Moderated by Carmen Elder, Insurance Partner and Chair of Leadership Alliance for Women at DLA Piper, panellists Kiran Singh, Executive Manager (Insurance Advisory) at Suncorp, Emma McCudden, Head of Innovation at Suncorp, Simone Dossetor, CEO at Insurtech Australia, Alex Horder, a Senior Associate at DLA Piper and the firm’s AI lead in Australia and Clancy King, Employment Partner at DLA Piper, came together to answer the question “Innovation and AI – will it help or hurt diversity and inclusion? Here are three takeaways we learned from that session.
1. When using AI, data quality and good governance is crucial
AI has incredible potential within the insurance industry. It can create sophisticated product offerings that reach more diverse numbers of insureds, foster inclusive access to products and services, and more-effectively price policies. The strength of this potential lies within the data and governance frameworks when training and using these systems. While insurers have a clear opportunity to use the data they possess to train these systems, if that data is biased or unbalanced, it creates the risk that AI systems will learn to amplify these biases, which can undermine the benefit of using AI and create undesirable outcomes, particularly where AI systems are designed to make decisions affecting people’s lives.
The potential for discriminatory treatment could also stem from biased AI decision-making, where those decisions are made in the recruitment and employment context. This also creates a material risk under many country’s anti-discrimination laws.
To mitigate this risk, you must understand the data you hold, the demographics it covers, and the gaps in representations of certain demographics that could help propagate biases when that data is used to train an AI system. Implementing solid governance frameworks around using AI will limit the extent to which it can have negative impacts. User organisations should ensure that the AI systems being used to make decisions are explainable and unbiased, and allow for human intervention to mitigate legal and reputational risk.

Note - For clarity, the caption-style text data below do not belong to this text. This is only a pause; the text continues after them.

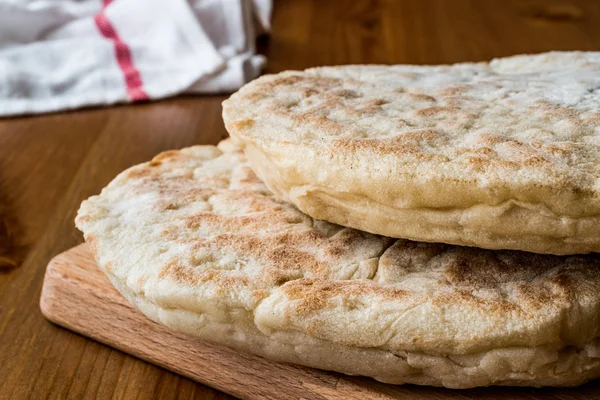 Turkse brood Bazlama op houten oppervlak. — Stockfoto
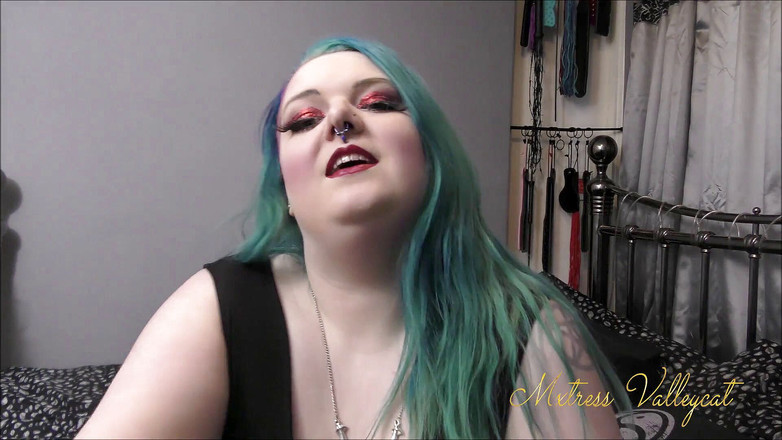 Mxtress Valleycat: Des ongles brillants de galaxie s'exhibent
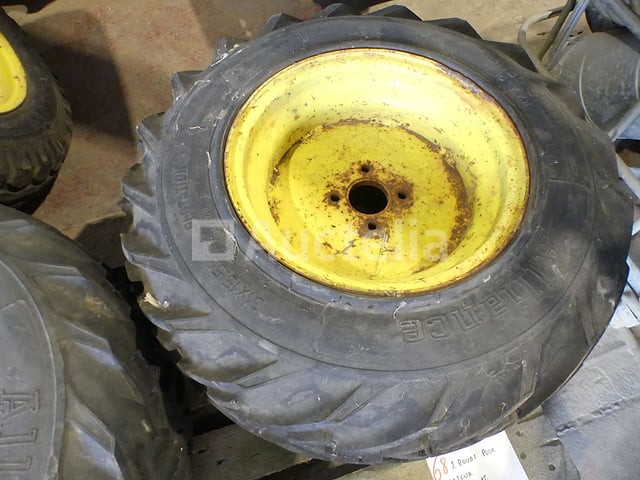 2 wielen voor de Alliance tractor – foto 3 – kavel bij Auctelia, Binche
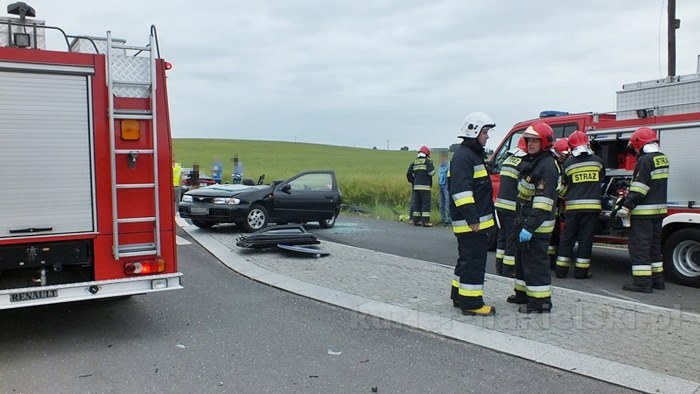 Zderzenie samochodów w Lubaszczu, dwie osoby trafiły do szpitala
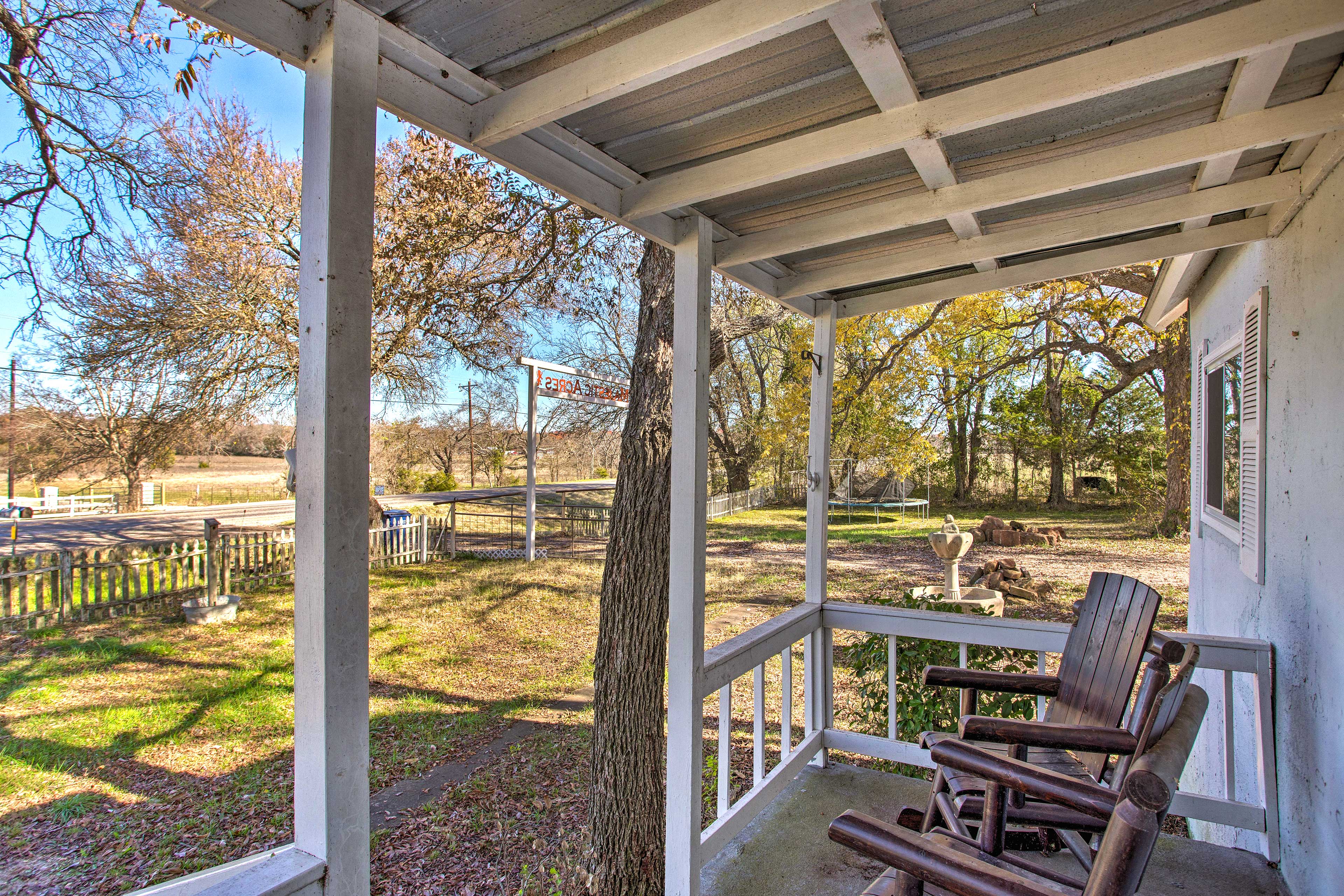 Pet-Friendly Van Alstyne Gem w/ Deck, Grill & Yard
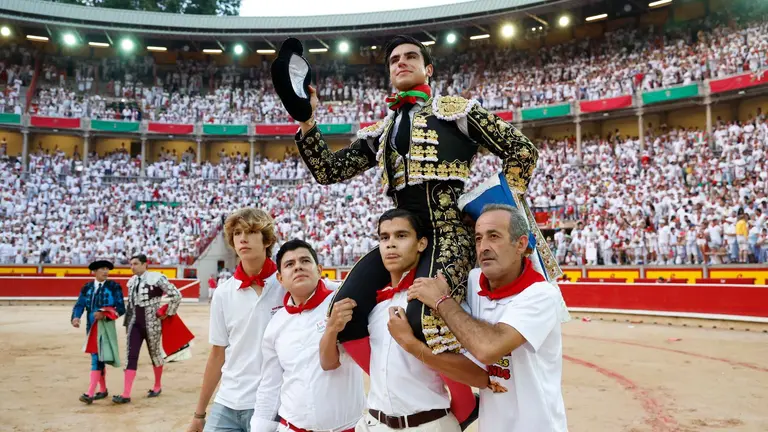 El diestro Jesús Enrique Colombo sale por la puerta grande durante la última corrida de la Feria del Toro de Pamplona con toros de Miura. EFE VILLAR LÓPEZ (1)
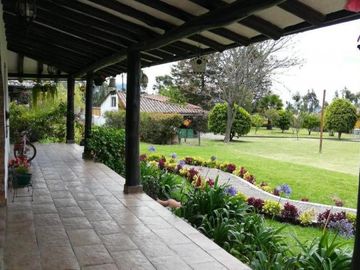 QUINTA EN VENTA – ONTANEDA, CONOCOTO, VALLE DE LOS CHILLOS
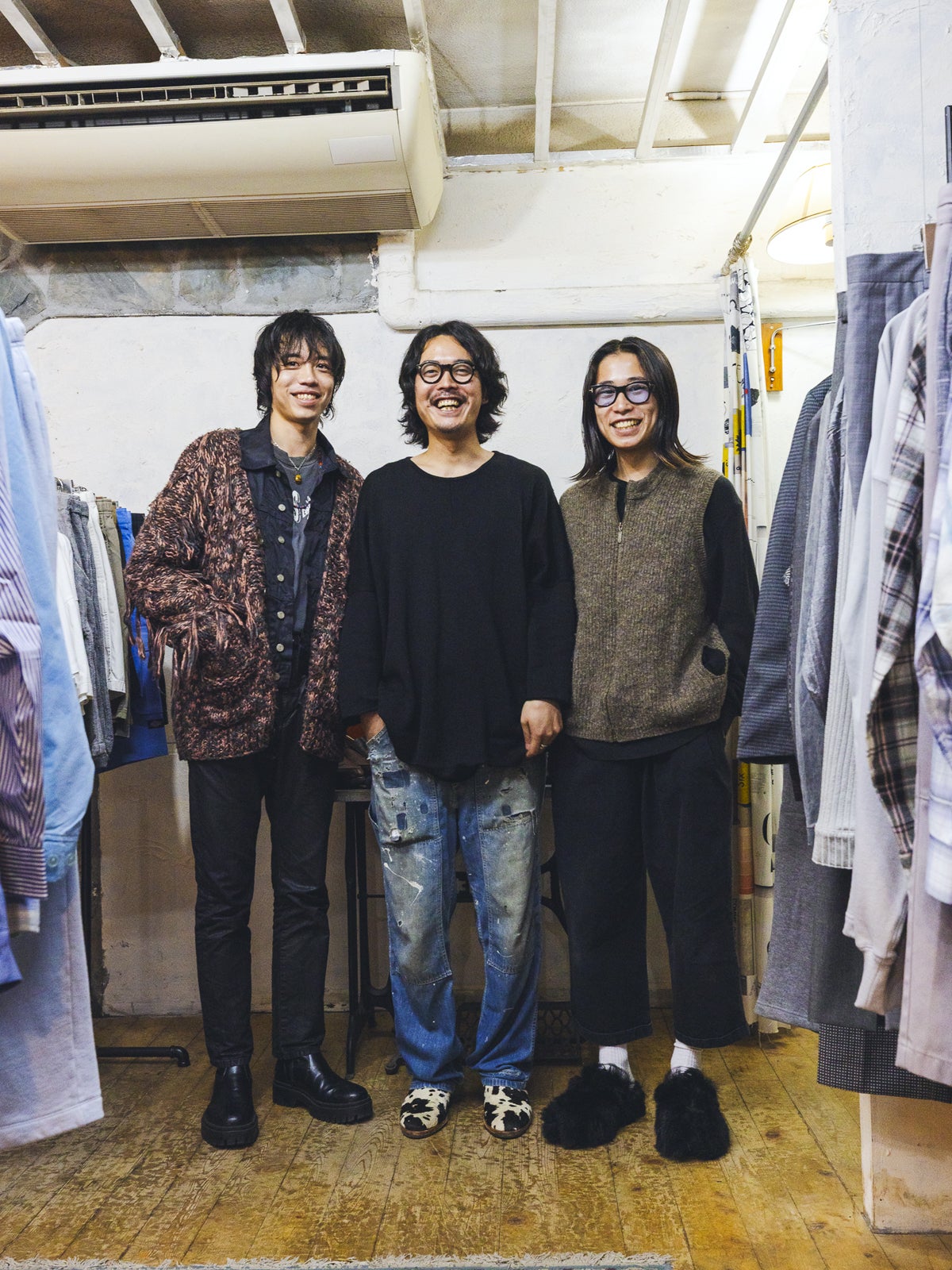 オーナーの新井ケンタさん(中央)とスタッフの三輪路偉さん(左)と園田高也さん(右)。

2. Human centred design and intentionality is key to designing accessible products and customer experiences
The key to ensuring D&I with AI begins with intent – a user organisation must have the intent of using AI in a way that actively upholds their principles, not just using AI with indifference to the impact it may have.
Suncorp explained the benefits they have seen in making their services more accessible through AI, from automating processes for customers with hearing impairments, to using tools to support vulnerable customers who need further support.
Suncorp also designed a steering committee and working groups across product teams, risk, legal, innovation, data science, services, and people and culture teams, to deliberate the opportunities and risks of AI – these groups demonstrate Suncorp’s focus on human-centric design and strong governance, which helps to remove blockers, mitigate risk and pave the way for innovation to occur.
3. Regulation will evolve
There has been a huge rise in interest surrounding AI in the insurance industry in recent months. Some insurers are cautious, believing that there is too much risk involved, whereas others are fully embracing AI. Regardless, there is a common concern in respect of balancing the risk of AI with the opportunity it presents.
From a legal perspective, we face a challenge in utilising AI to its full potential, while complying with existing, and potentially incoming, legal and regulatory frameworks.
As of August this year, over 800 laws have been proposed globally relating to AI regulation, and it looks like Australia will follow suit. While it is likely that the Australian Government will likely take a light touch approach to AI regulation, probably seeking to enhance existing frameworks as opposed to creating new ones, organisations should not be waiting for ‘hard law’, but rather, should develop their AI strategies and governance frameworks now.